Sementara itu, soal tidak adanya penyelenggara negara dalam kasus ini terbantahkan dengan bukti-bukti yang mereka miliki. Keterlibatan Bupati Muhdlor Ali sebagai penyelenggara negara cukup jelas dalam perkara ini. “Memang jelas seharusnya bupati itu ditangkap. Masalahnya kan dilindungi,” kata si sumber.
Setelah berdebat sekian lama, keputusan pun tercapai. KPK tetap menangani kasus ini, tapi hanya menetapkan Siska Wati sebagai tersangka dan melepas 10 orang lainnya. Selain Pasal 12 f Undang-Undang Tindak Pidana Korupsi, KPK menyertakan Pasal 55 Kitab Undang-Undang Hukum Pidana tentang ikut serta dalam tindak pidana kepada Siska. “Pasal 55-nya itu ke Bupati,” katanya.
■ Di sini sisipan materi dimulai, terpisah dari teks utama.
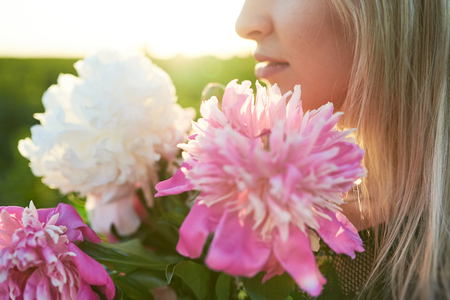 Cute young blonde girl spends time in a picturesque field with a bunch of pions in her hands.の写真素材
Pertarungan ternyata tak kelar pada gelar perkara saja. Tim penyidik, menurut sumber tadi, sebenarnya sudah bersiap untuk menangkap Muhdlor Ali pada Sabtu dan Ahad lalu. Namun perintah tak kunjung keluar dari pimpinan. Bahkan mereka kembali mendapat kabar bahwa kasus itu akan diserahkan ke kepolisian.
Perlawanan tim penyidik untuk mempertahankan kasus itu di tangan mereka akhirnya tuntas setelah Nurul Ghufron mengumumkan penetapan tersangka pada Senin sore kemarin. Dia pun membenarkan sejumlah informasi yang diperoleh Tempo.
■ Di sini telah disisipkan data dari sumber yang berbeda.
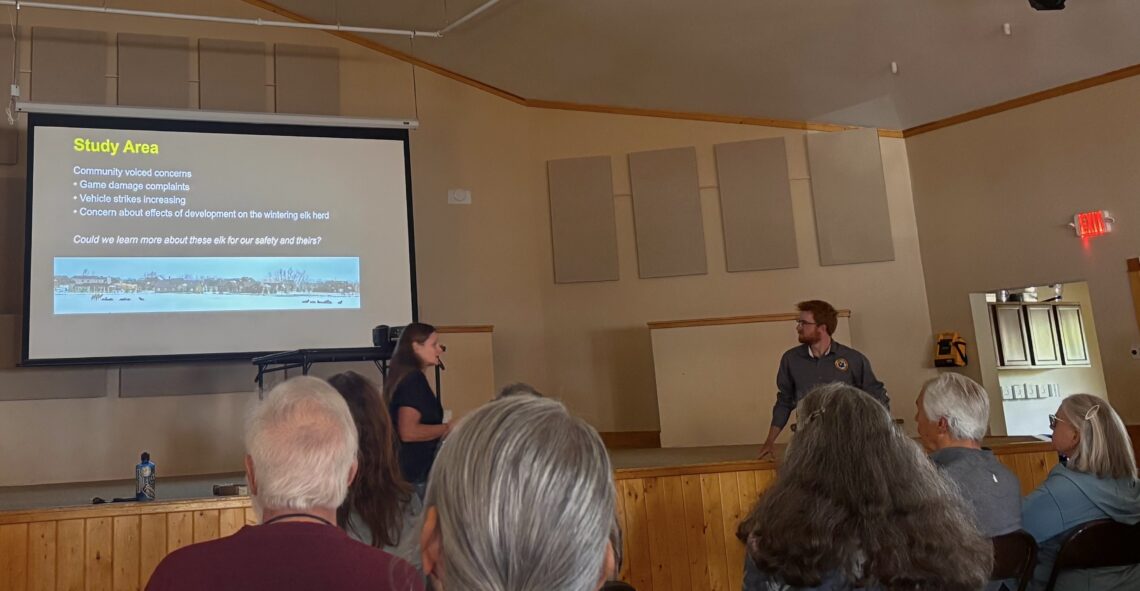 Presentation in a meeting hall: slide titled 'Study Area' with bullets on community concerns; two presenters stand near screen as audience listens.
Misalnya soal tak bulatnya suara di lingkup internal KPK, Ghufron menyatakan itu sebagai hal yang biasa terjadi di berbagai kasus. Pasalnya, menurut dia, banyak teknis hukum dan strategi penegakan hukum yang diperdebatkan dalam gelar perkara. “Jadi rata-rata alot,” kata Ghufron.
Mantan Dekan Fakultas Hukum Universitas Jember itu pun mengakui beberapa pemimpin KPK ingin melimpahkan kasus itu ke kepolisian. Alasannya, nilai dari barang bukti yang ditemukan saat OTT kecil, yakni hanya puluhan juta rupiah. “Tapi kami selalu mengatakan bahwa pada saat tangkap tangan itu yang cash kecil, pas masuk (dikembangkan), pasti dapat yang lain,” ujarnya.
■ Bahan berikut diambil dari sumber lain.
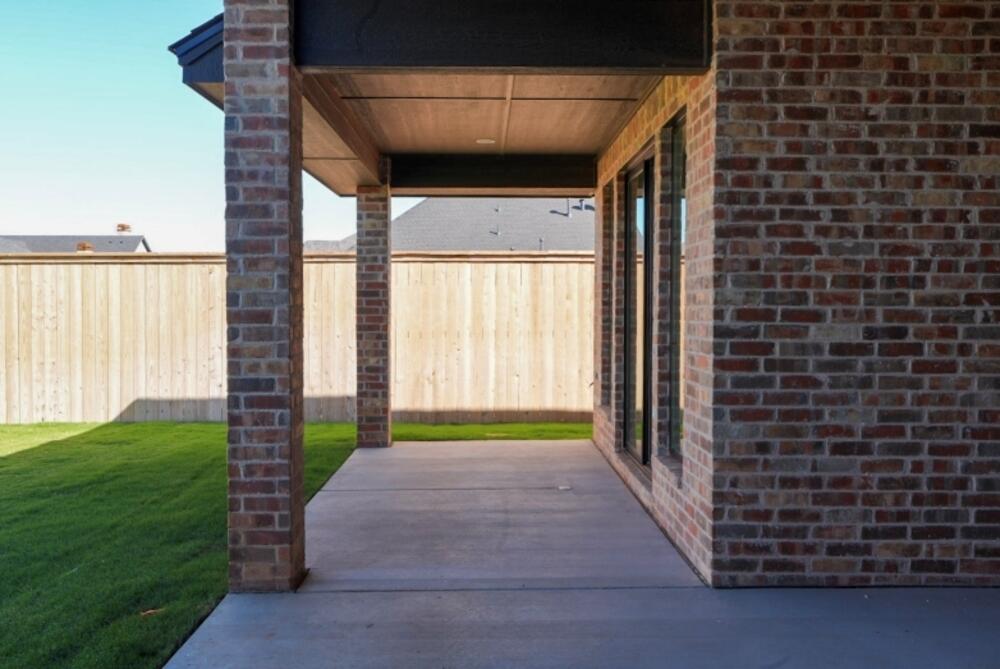 4620 143rd Street Lubbock, TX 79424 - Photo 24 of 25 a porch with seating space and garden view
Soal nilai korupsi yang disebut mencapai Rp 8 miliar, Ghufron tak mau berbicara. Dia hanya membenarkan bahwa KPK mengendus praktik pemotongan insentif itu sejak 2021. “Kami masih akan mendalami lebih lanjut,” katanya.
Wakil Ketua KPK, Nurul Gufron, merilis barang bukti uang hasil operasi tangkap tangan Kasubag Umum dan Kepegawaian BPPD Kabupaten Sidoarjo, Siska Wati, di gedung Komisi Pemberantasan Korupsi, Jakarta, 29 Januari 2024. TEMPO/Imam Sukamto
Ghufron hanya membantah soal adanya perintah agar tim tak menangkap Ahmad Muhdlor Ali dalam operasi pada Kamis lalu. Dia menyatakan mereka sempat mencari Muhdlor, tapi tak ketemu. “Pada hari-H (OTT), kami sudah berupaya mencari yang bersangkutan (Bupati Sidoarjo), tapi kami tidak menemukannya, sehingga kami akan melakukan prosedur hukum, yakni pemanggilan,” kata Ghufron.
Wakil Ketua KPK lainnya, Alexander Marwata, justru membantah tudingan ihwal adanya upaya agar kasus itu dilimpahkan ke kepolisian. Dia menyebutkan KPK akan tetap melanjutkan kasus itu. “Enggak benar. KPK tetap berkomitmen menangani perkara yang melibatkan kepala daerah sesuai dengan kewenangan yang dimiliki,” kata Alex saat dimintai konfirmasi secara terpisah.
Muhdlor Ali tak membalas pesan tertulis yang dilayangkan Tempo sejak Ahad lalu. Melalui petugas hubungan masyarakat Pemkab Sidoarjo, Muhdlor Ali mengirim pernyataan tertulis soal penanganan perkara ini. Wakil Sekretaris Pimpinan Cabang Ansor Sidoarjo dan Wakil Ketua Pimpinan Wilayah Ansor Jawa Timur itu menyatakan menghormati proses hukum yang tengah berjalan di KPK.
“Kami percaya kepada KPK. Kami juga menghormati, menghargai semua yang sudah menjadi tugas dan kewenangannya,” ucap Muhdlor Ali.